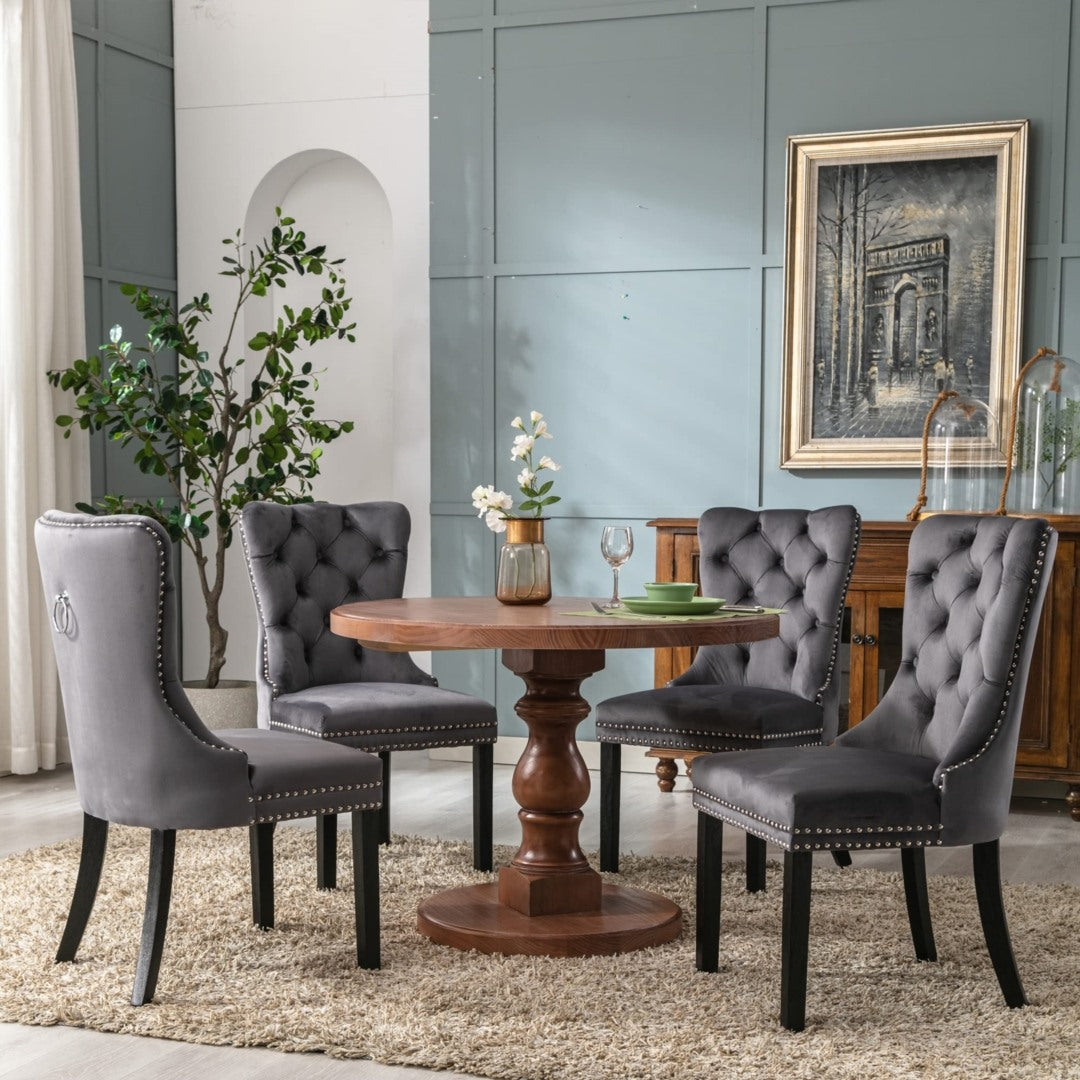 4x Velvet Tufted Dining Chairs with Wood Legs & Stud Trim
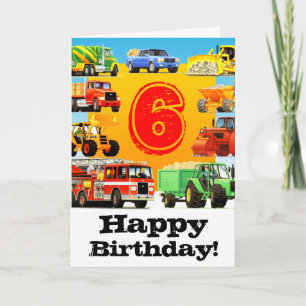 Carte Chariots de construction personnalisés 6e annivers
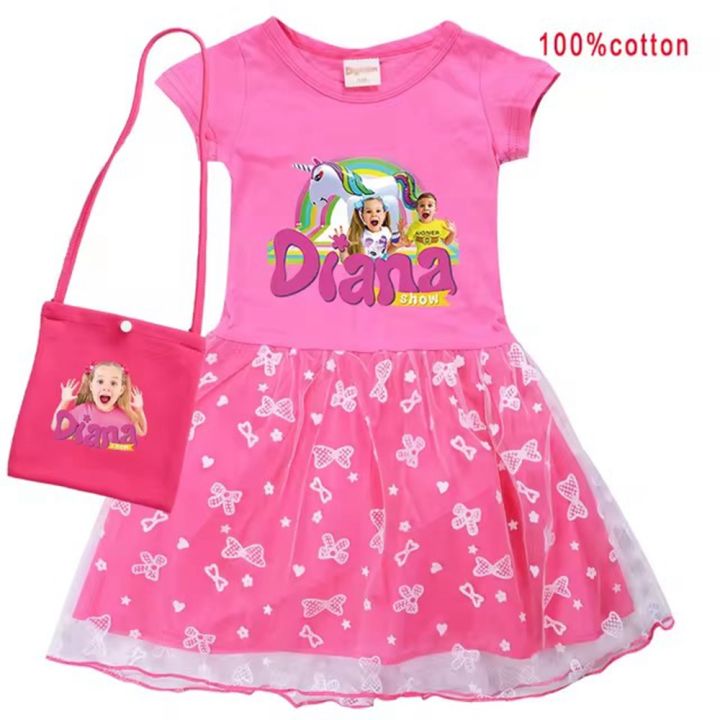 Diana%20and%20Roma%20Show%20Clothes%20Baby%20Girls%20Casual%20Dresses%20Kids%20Cartoon%20Clothes%20Children%20Short%20Sleeve%20Wedding%20Dress%20with%20Small%20Bag%20-%20Image%207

## Work to be completed
Pictures aside, repeat every line of the data above exactly.

## Written answer
 4x Velvet Tufted Dining Chairs with Wood Legs & Stud Trim
 Carte Chariots de construction personnalisés 6e annivers
 Diana%20and%20Roma%20Show%20Clothes%20Baby%20Girls%20Casual%20Dresses%20Kids%20Cartoon%20Clothes%20Children%20Short%20Sleeve%20Wedding%20Dress%20with%20Small%20Bag%20-%20Image%207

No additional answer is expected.